In the bad old days of the Soviet
Union, Kremlinologists could estimate the pecking order of the grisly men (almost
always men) who made up the governing Politburo by observing how they lined up
atop Red Square’s Lenin mausoleum for the parade on November 7, the anniversary
of the Bolshevik Revolution. Or their positions as they walked into a
ceremonial hall. Or whose name adorned one or another declaration. Physical proximity
to the General Secretary of the Communist Party was a clue to influence and a
possible successor—and was watched closely by scholars, diplomats, and
journalists.
Inner
politics was encrypted then. Kremlinology was like a puzzle with only a few
visible pieces. But looking back, the Soviet Kremlin seems less opaque than
Vladimir Putin’s Kremlin today. There are no puzzle pieces now, only misfits or
blanks filled by deduction, guesswork, and wishful thinking.
Since Russia’s
invasion of Ukraine in February 2022, Putin’s political standing at home has
been an obsession in the West, where conventional wisdom has ricocheted back
and forth. At first, he was a formidable foe, a canny calculator of military
and diplomatic maneuvers.
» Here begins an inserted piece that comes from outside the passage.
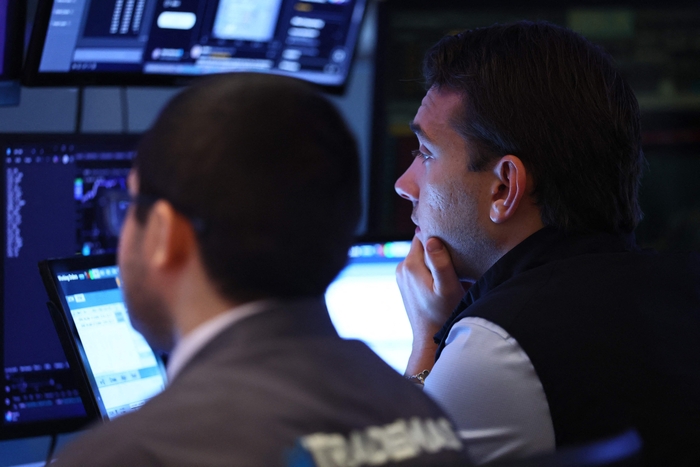US-MARKETS-OPEN-AFTER-DOW-GAINS-ALMOST-600-ON-MONDAY
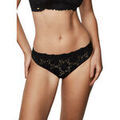 Culottes & autres bas
sur Grenoble : Strings Selmark String ONE AND LACE Noir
Then, when his army stalled in the face of Ukrainian
resistance, he became a monstrous blunderer whose humiliation would surely
bring him down.
But as
he wielded his dictatorial powers to obliterate the remaining freedoms Russians
had gained since the Soviet collapse in 1991, Putin was the ruthless strongman,
unconquerable in the moment. As the war ground into a bloody stalemate, however,
and criticisms of the military escalated from the right, his pedestal showed
cracks.
Then, he was pronounced weakened
and vulnerable when units of Wagner, the private militia, slipped from under
his thumb and launched an abortive mutiny by marching toward Moscow. “How
Revolt Undermines Putin’s Grip,” said the lead New
York Times headline on June 25. The appraisal flipped two months later,
after the (presumably non-accidental) plane crash that killed Wagner’s leader,
Yevgeny Prigozhin. The lead Times
story declared: “Mutineer Dead, Putin Projects Image of Might.”
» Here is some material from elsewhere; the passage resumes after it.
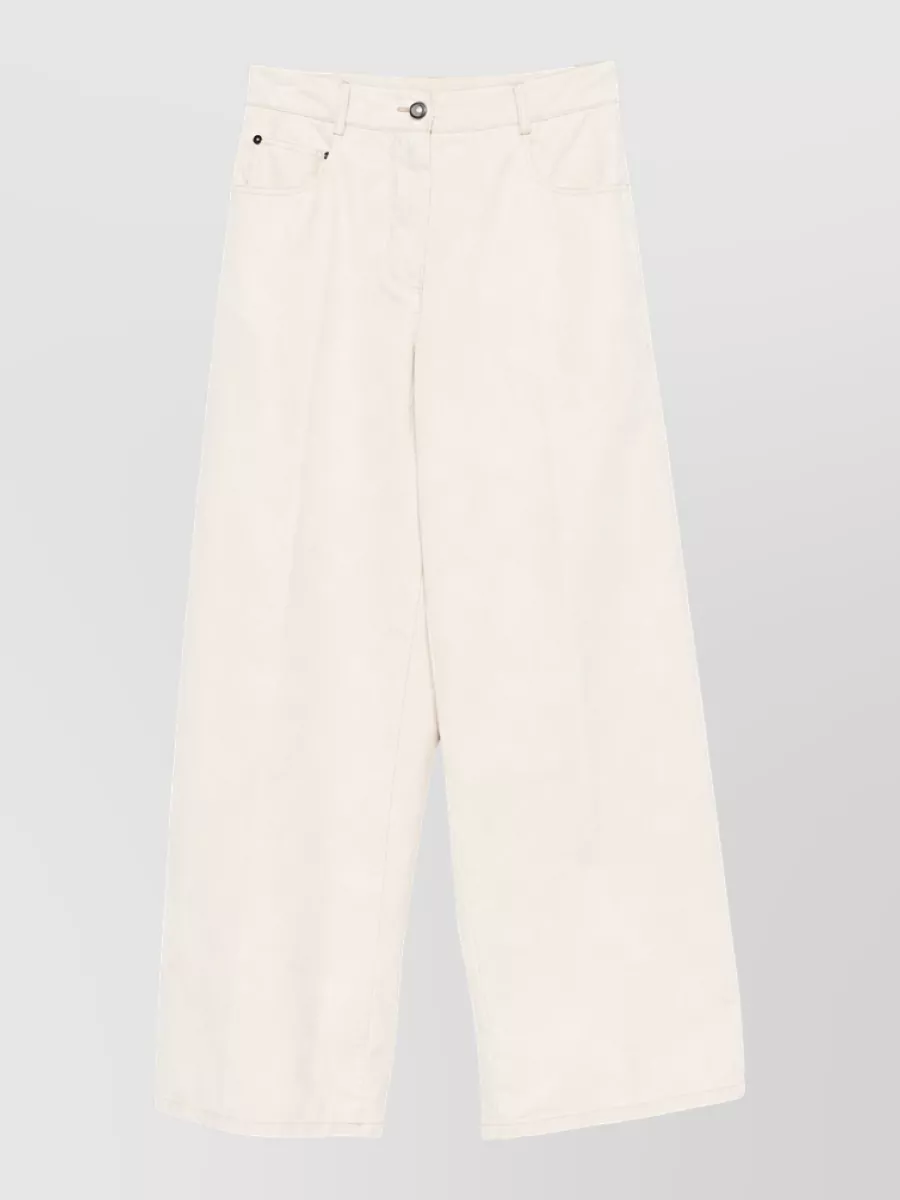 Forte Forte Denim wide leg jeans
So, which is it? A Russian president in peril or in command?
It could be both. Dictatorships
rarely erode gradually. They are brittle, so they break without bending. They
are invincible until suddenly they are not.
Putin’s case is hard to judge partly
because of his one-man rule. No formal political structure exists either to
support him, undermine him, or groom a successor and provide a transition. At
least the Soviet Communist Party ruled through a Politburo whose head, the
General Secretary, operated in the context of political consensus. Even the
authoritarian structure—in the years after Stalin—was governed by broader
interests than those of a single man.
Kremlin politics played out of
sight, for the most part, bursting into the open only on occasion. Nikita
Khruschev was ousted as Soviet leader by the Politburo (then called the
Presidium) in 1964. Dmitri Polyansky was kicked
off the Politburo in 1976 after catastrophic failures in agriculture, his
portfolio. There was no announcement, of course; Polyansky’s name was merely
omitted from the list of the new Politburo read to a Communist Party Congress.
Today, though, Putin answers to no
official body. Who keeps him in power? The military? The FSB secret police? And
who checks his authority? What restrains him, if anything? Does anyone hold him
to account? Who would oust him? Who would choose his successor?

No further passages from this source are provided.